Scrive Zapelloni: «Ron Dennis non mette un muro in mezzo ai box come farà qualche anno dopo la Yamaha in MotoGp tra Valentino Rossi e Jorge Lorenzo, ma è come se quel muro ci sia davvero». Prost passa alla Ferrari e nel 1990 la rivalità epica si concretizza nell’epilogo fratricida di Suzuka, dove Magic conquista un mondiale buttando fuori pista il Professore alla prima curva. La faida continua e non solo sui circuiti. Il francese pone il veto per l’arrivo del brasiliano a Maranello, poi va alla Williams e ripete lo scherzetto contrattuale.

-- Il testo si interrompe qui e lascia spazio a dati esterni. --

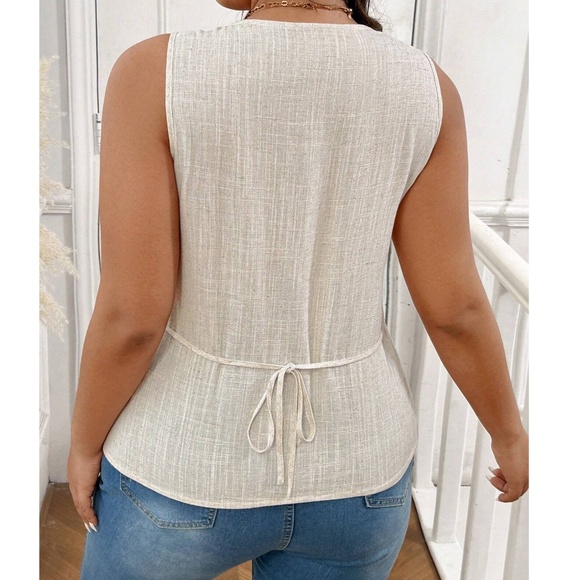 Plus Linen Button Down Sleeveless Minimalist Tank Top - Picture 7 of 9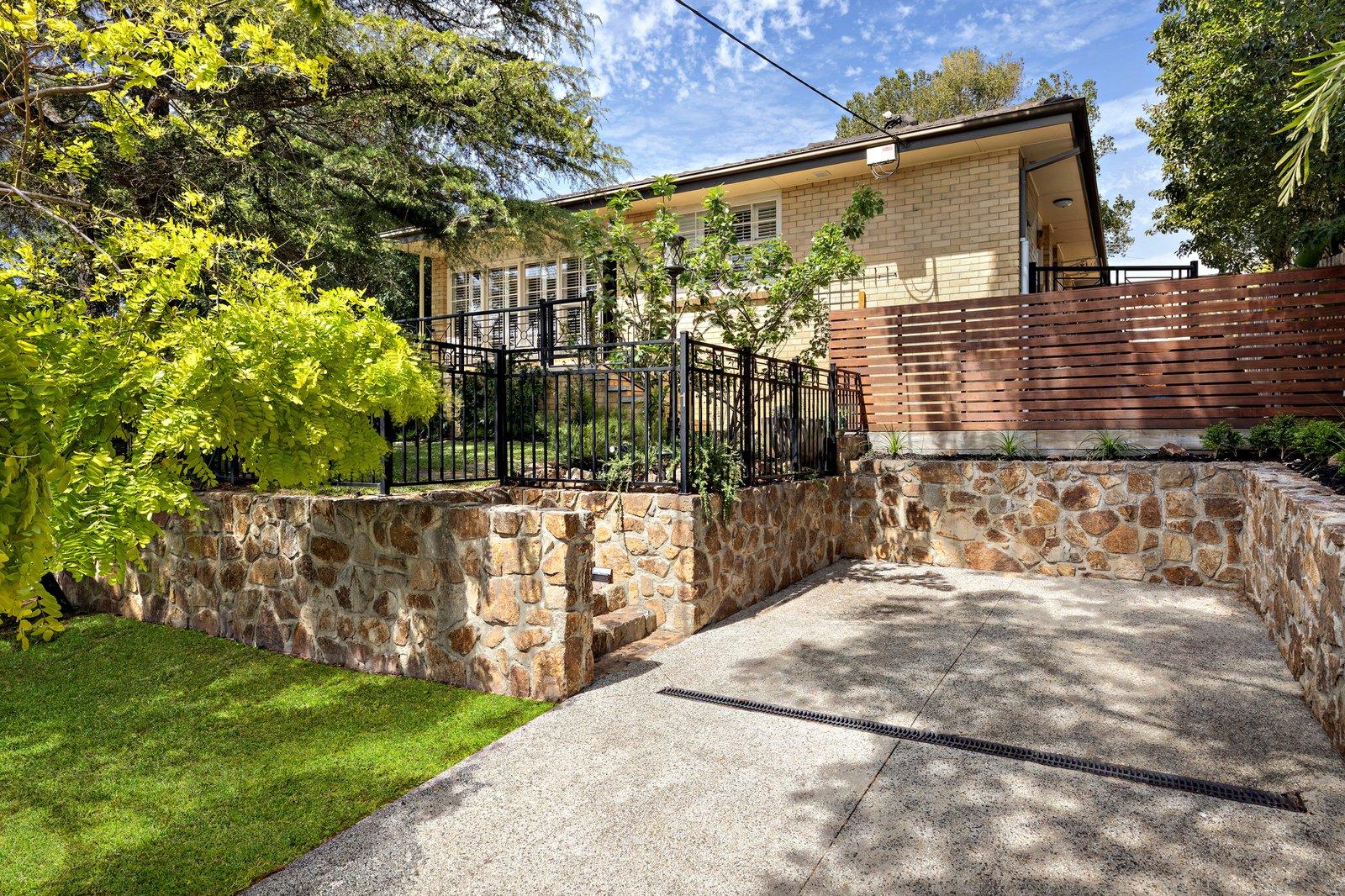 1/18 Bruarong Crescent, Frankston South, 3199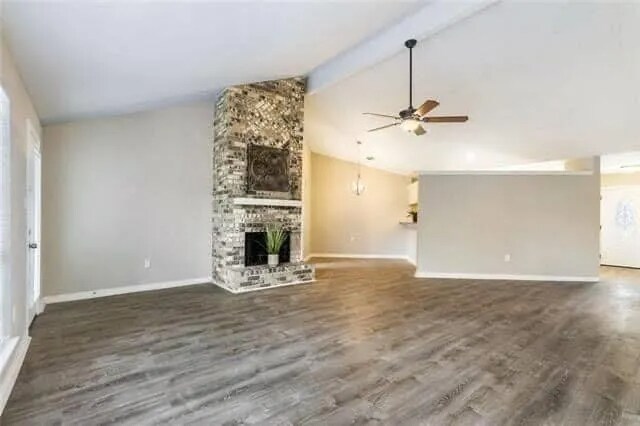 Foto del edificio - 110 Lake Village Blvd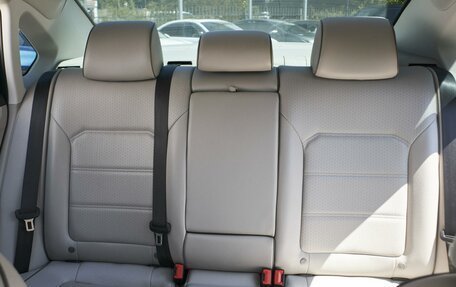Volkswagen Passat B8 рестайлинг, 2017 год, 1 799 000 рублей, 14 фотография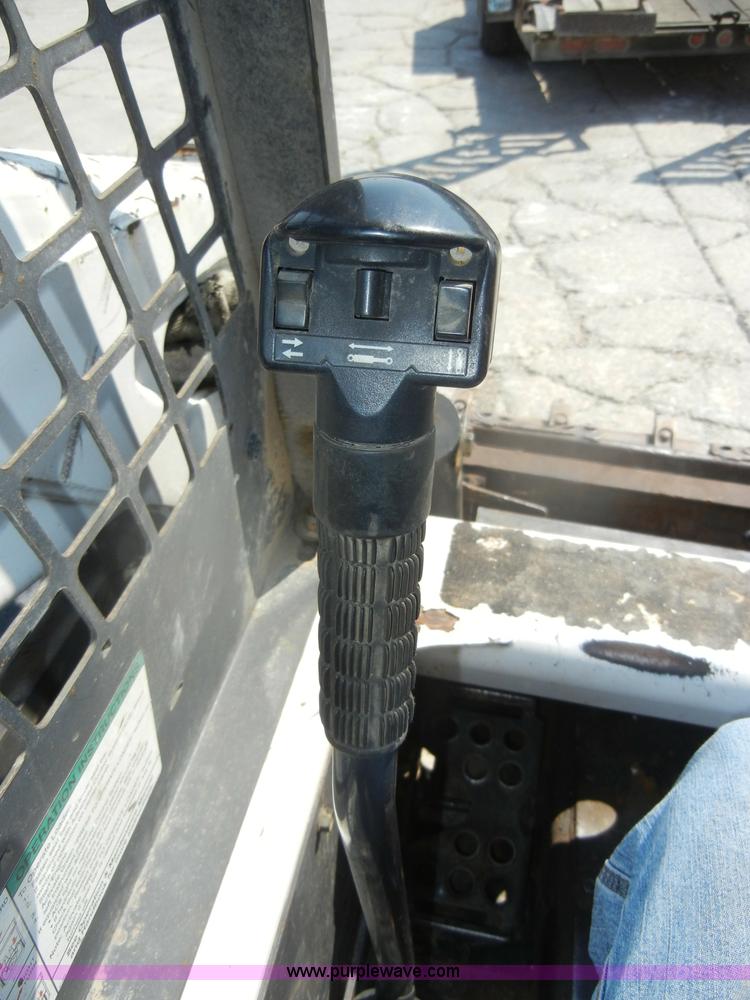 image for item D4207 2003 Bobcat S300 Turbo skid steer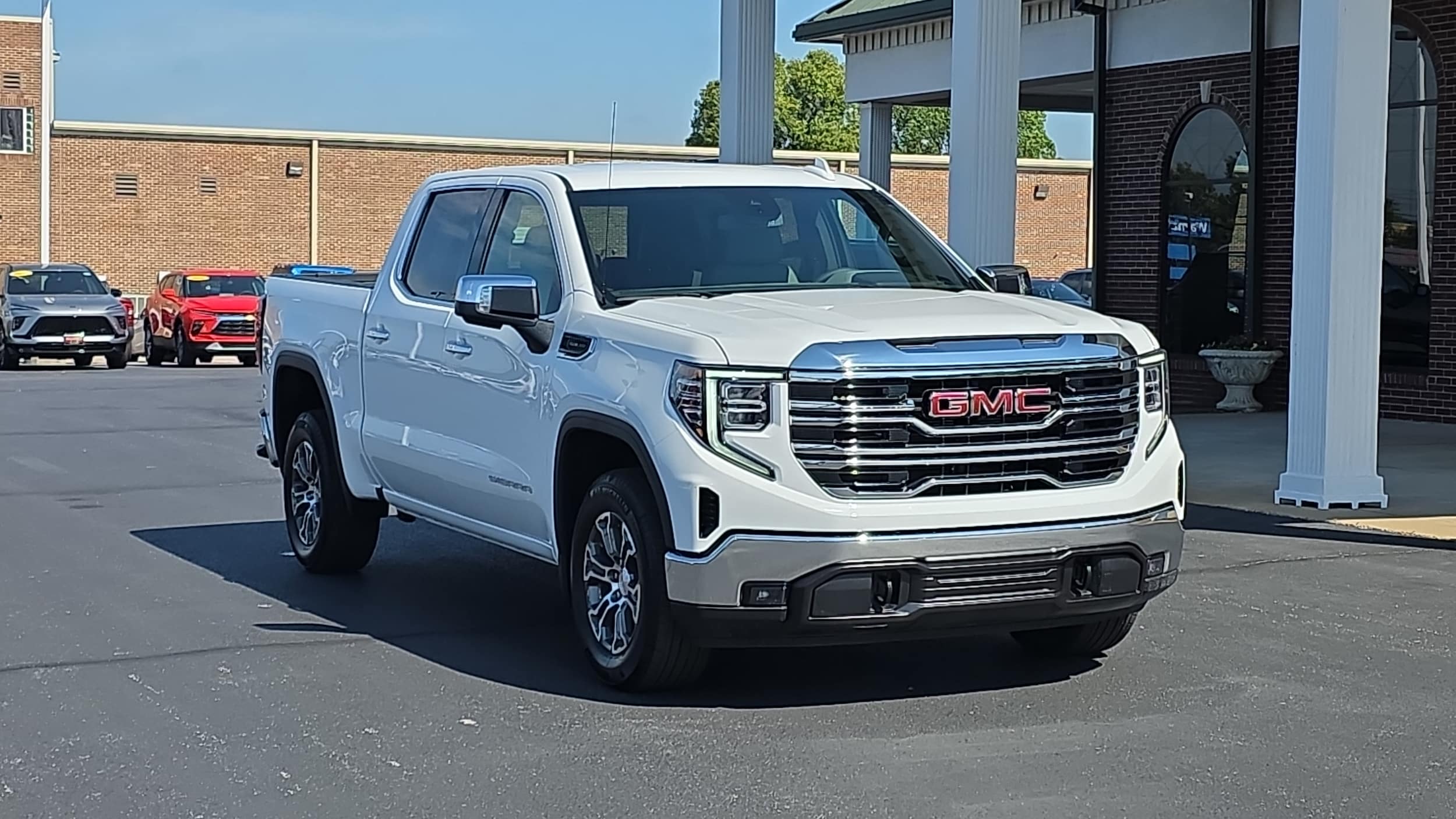 2026 GMC Sierra 2WD Crew Cab Short Box SLT's photo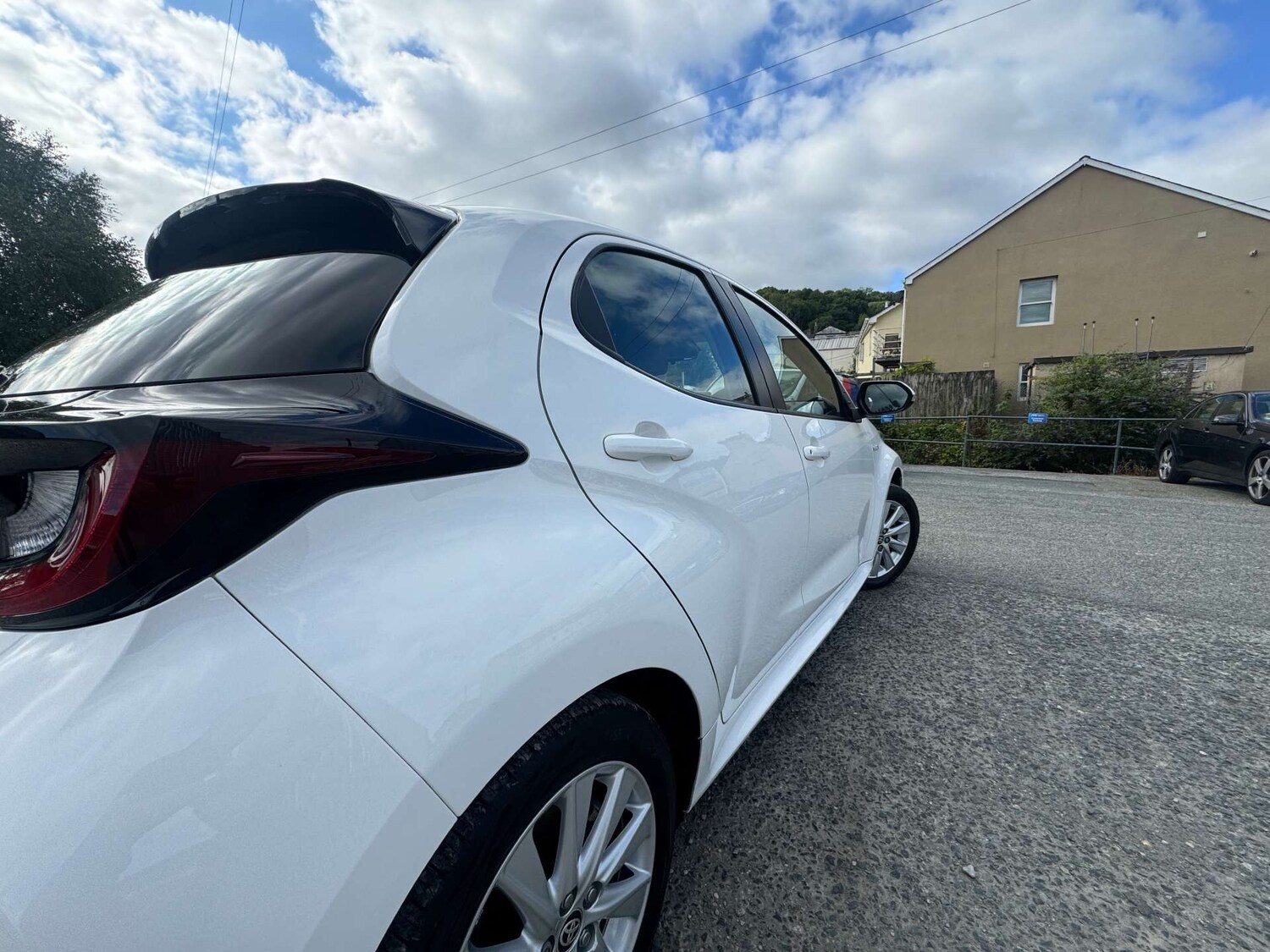 Used Toyota Yaris 2021 for sale - 77207429: Photo 17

A quel punto non si chiamano neppure più per nome, ad andare bene l’altro è «quello là». Un giovane Jean Alesi li osserva e commenta: «Odiarsi come si odiano loro può essere molto pericoloso». «Se amavi Senna, non potevi amare anche Prost. Ma alla fine sono diventati un tutt’uno. Due facce della stessa luna», chiosa Zapelloni. Quel giorno di 30 anni fa a Imola il francese non c’è, si è preso un periodo sabbatico. Nel giro di ricognizione prima della partenza, dalla Williams di Senna arriva via radio un messaggio: «Alain mi manchi». Saranno le sue ultime parole. A ogni gran premio di San Marino, tanti tifosi si dirigono in pellegrinaggio davanti alla statua in bronzo di Ayrton nel Parco delle Acque Minerali. E nel silenzio della pista, sentono il ruggito del suo bolide alla curva del destino. A proposito, anche quel giorno lui era al comando.